Depuis, plusieurs villages de la région de Chamanke restent coupés du monde. « Notre village est complètement isolé entre les forces du PKK et les peshmergas. Nous ne pouvons même plus prendre la route pour chercher à manger », avance un habitant de Bakurman sous couvert de l’anonymat. « Les peshmergas se défendent d’une agression, nous ne souhaitons pas de confrontation, mais nous sommes prêts à riposter si le PKK continue ses provocations », nous déclare le maire de Chamanke, Aland Amir, rencontré dans le centre municipal de son bourg. De son côté, le PKK dément catégoriquement ces accusations, et rappelle, par la voix du porte-parole de l’Union des communautés du Kurdistan (KCK) [3], Zagros Hiwa, que le PKK défend ses positions contre une poussée du PDK visant à déstabiliser la guérilla en vue de permettre une nouvelle avancée des troupes turques dans la région.
« TOUS MES AMIS SONT EN PRISON »
La campagne d’hostilité du PDK envers le PKK est corolaire à une opération de musellement des voix dissidentes par les forces de sécurité du PDK. L’arrestation de journalistes proches du PKK ainsi que l’intimidation des voix hostiles à la collaboration entre le parti des Barzani avec la Turquie empêchent tout débat social sur le positionnement du GRK concernant l’implantation de la Turquie au Kurdistan. À Sheladize, un militant nous explique que les services de sécurité ont arrêté la plupart des habitants de la région qui militent sur les réseaux sociaux depuis le début de la confrontation à Chamanke. « J’ai peur de sortir de chez moi, tous mes amis sont en prison. Personne ne peut s’exprimer librement », raconte ce jeune qui avait participé à l’assaut d’une base turque par des manifestants en colère l’an dernier après la mort de six civils lors d’une frappe turque près de sa ville. Suite à cet épisode, le PDK avait déjà réprimé les militants critiquant trop activement la collusion entre la Turquie et le parti du clan Barzani.
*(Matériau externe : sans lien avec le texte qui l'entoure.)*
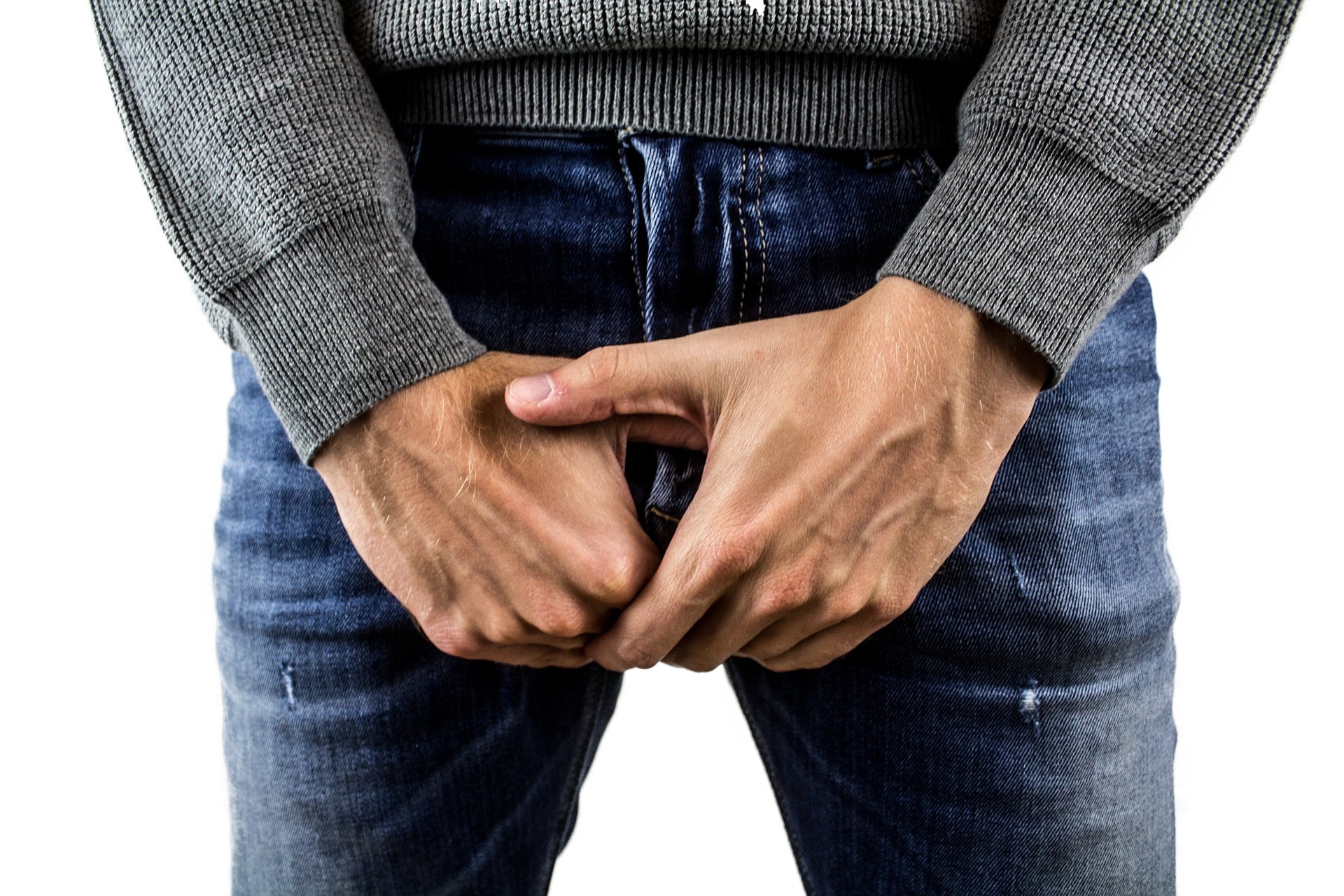 Testicular Cancer - man covering his groin with his hands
Le déploiement de gardes-frontières irakiens par Bagdad, une première depuis la première guerre du Golfe, n’a pas permis, tant s’en faut, d’apaiser les tensions. La Turquie n’avait pas hésité à cibler des commandants de l’armée irakienne suite à leur rencontre avec des cadres du PKK. Tout récemment, deux nouveaux gardes-frontières irakiens ont péri suite à une frappe turque. « La Turquie ne répond pas de ses exactions et bavures », explique une représentante de l’ONG Human Rights Watch. « Toutes nos sollicitations et plaidoyers restent sans réponses », explique-t-elle.
L’avenir semble morne pour les populations du Kurdistan irakien, prises en étau entre une implacable opération turque, une guérilla déterminée à préserver son ancrage et un leadership kurde autoritaire. Si l’arrivée de Joe Biden à la Maison Blanche laisse entrevoir une politique moins chaotique des États-Unis et une prise en compte plus nuancée de la question kurde, le chemin de croix sera long pour mettre un terme à l’implantation de l’armée turque au Kurdistan irakien. Dans ses discours les plus nationalistes, le président Erdoğan ne manque pas de rappeler que l’ancienne province de Mossoul dont fait partie le Kurdistan irakien aurait dû être intégrée à l’État turc. Cela permet de comprendre pourquoi la Turquie investit autant dans ses opérations militaires plutôt que de s’attaquer au problème de la reconnaissance des droits civiques et culturels de sa propre communauté kurde.